◆ **Brief**
Which lines of the entries contain the word "Stockfoto"? Please list them.

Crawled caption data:
───
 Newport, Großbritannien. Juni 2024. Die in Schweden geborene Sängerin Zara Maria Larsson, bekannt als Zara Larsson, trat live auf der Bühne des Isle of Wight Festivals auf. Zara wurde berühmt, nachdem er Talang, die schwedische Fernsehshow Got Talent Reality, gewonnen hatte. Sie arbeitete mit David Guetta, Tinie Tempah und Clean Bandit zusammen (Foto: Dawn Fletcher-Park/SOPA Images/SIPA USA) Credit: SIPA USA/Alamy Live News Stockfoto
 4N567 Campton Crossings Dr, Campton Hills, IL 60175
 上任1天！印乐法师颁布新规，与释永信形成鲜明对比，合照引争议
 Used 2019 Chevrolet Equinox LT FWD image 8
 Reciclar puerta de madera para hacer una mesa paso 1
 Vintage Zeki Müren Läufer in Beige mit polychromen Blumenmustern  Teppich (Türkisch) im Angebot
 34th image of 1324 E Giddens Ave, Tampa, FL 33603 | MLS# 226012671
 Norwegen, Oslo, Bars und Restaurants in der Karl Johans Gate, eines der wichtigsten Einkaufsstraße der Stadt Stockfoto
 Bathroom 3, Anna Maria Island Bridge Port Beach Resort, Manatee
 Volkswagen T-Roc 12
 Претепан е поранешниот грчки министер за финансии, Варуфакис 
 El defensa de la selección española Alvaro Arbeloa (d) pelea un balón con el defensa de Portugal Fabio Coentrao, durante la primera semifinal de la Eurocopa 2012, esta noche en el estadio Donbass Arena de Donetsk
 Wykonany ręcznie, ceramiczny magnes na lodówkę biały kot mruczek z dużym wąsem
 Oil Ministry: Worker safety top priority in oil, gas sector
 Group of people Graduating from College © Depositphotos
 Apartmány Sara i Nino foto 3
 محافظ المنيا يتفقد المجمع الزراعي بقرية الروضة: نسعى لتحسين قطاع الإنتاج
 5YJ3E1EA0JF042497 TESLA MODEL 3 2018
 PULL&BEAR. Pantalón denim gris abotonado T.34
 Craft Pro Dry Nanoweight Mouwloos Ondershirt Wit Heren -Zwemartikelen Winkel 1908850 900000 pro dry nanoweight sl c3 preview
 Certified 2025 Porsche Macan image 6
───
◆ **Exercise response**
 Newport, Großbritannien. Juni 2024. Die in Schweden geborene Sängerin Zara Maria Larsson, bekannt als Zara Larsson, trat live auf der Bühne des Isle of Wight Festivals auf. Zara wurde berühmt, nachdem er Talang, die schwedische Fernsehshow Got Talent Reality, gewonnen hatte. Sie arbeitete mit David Guetta, Tinie Tempah und Clean Bandit zusammen (Foto: Dawn Fletcher-Park/SOPA Images/SIPA USA) Credit: SIPA USA/Alamy Live News Stockfoto
 Norwegen, Oslo, Bars und Restaurants in der Karl Johans Gate, eines der wichtigsten Einkaufsstraße der Stadt Stockfoto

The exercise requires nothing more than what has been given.